RECORDS TO USE ::
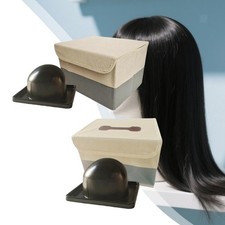 Boîte de rangement pour perruques, bac de rangement en toile pour armoire,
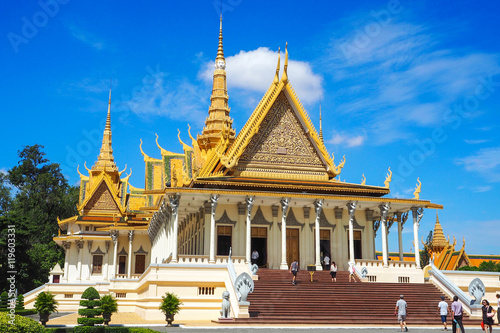 The Royal Palace of Phnom Penh in Cambodia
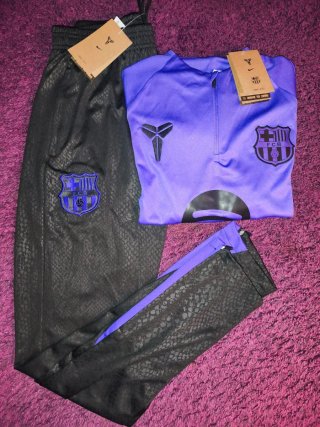 Chandal FC Barcelona Morado y Negro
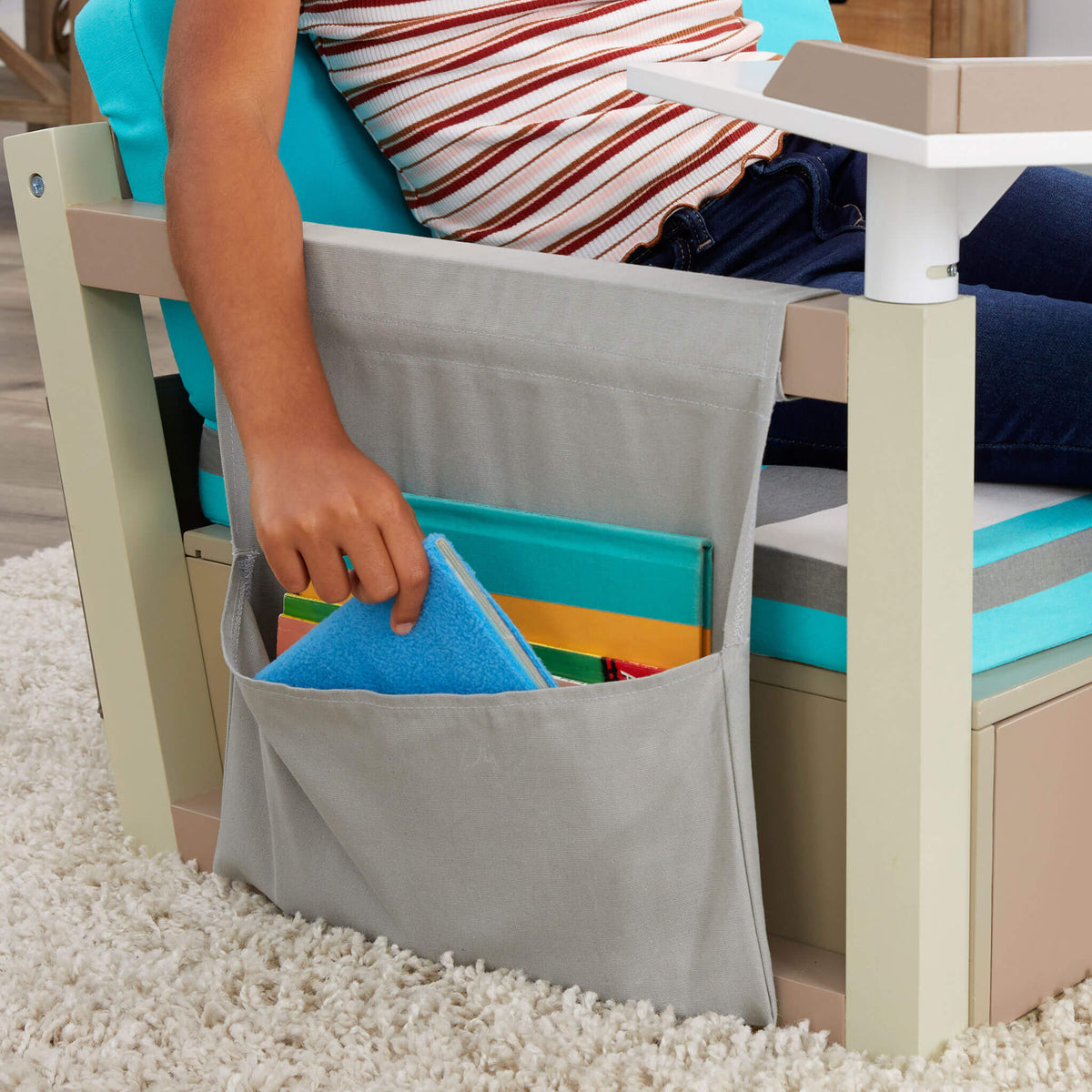 Playful 2-in-1 Fun & Study Swivel Desk
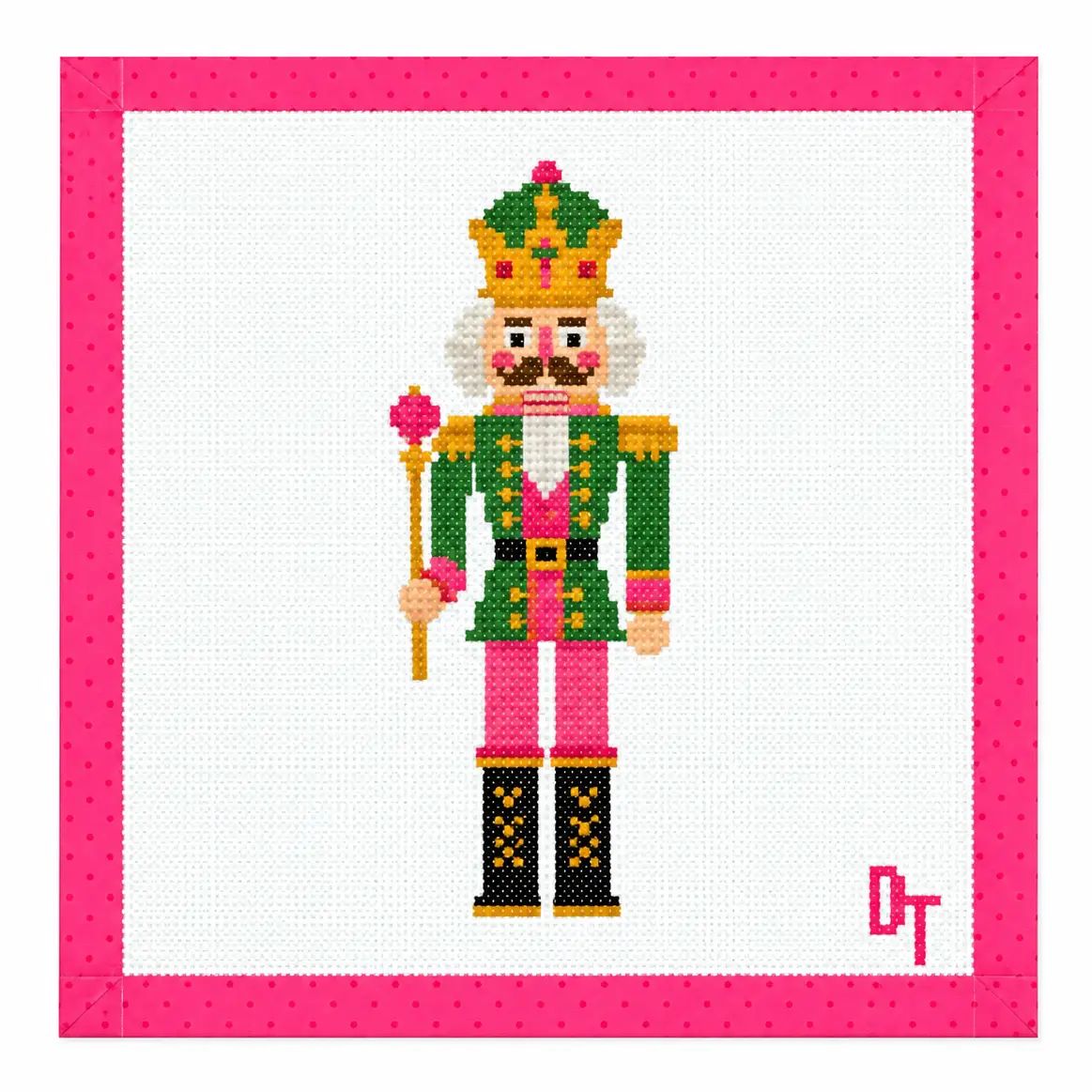 Nutcracker King Needlepoint Canvas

WHAT YOU SHOULD DO :: Each line from the one with "Chandal FC Barcelona Morado y Negro" to the final line of the data above is to be printed exactly; no picture should appear in the copy.

OUTPUT FOR THIS EXERCISE ::
 Chandal FC Barcelona Morado y Negro
 Playful 2-in-1 Fun & Study Swivel Desk
 Nutcracker King Needlepoint Canvas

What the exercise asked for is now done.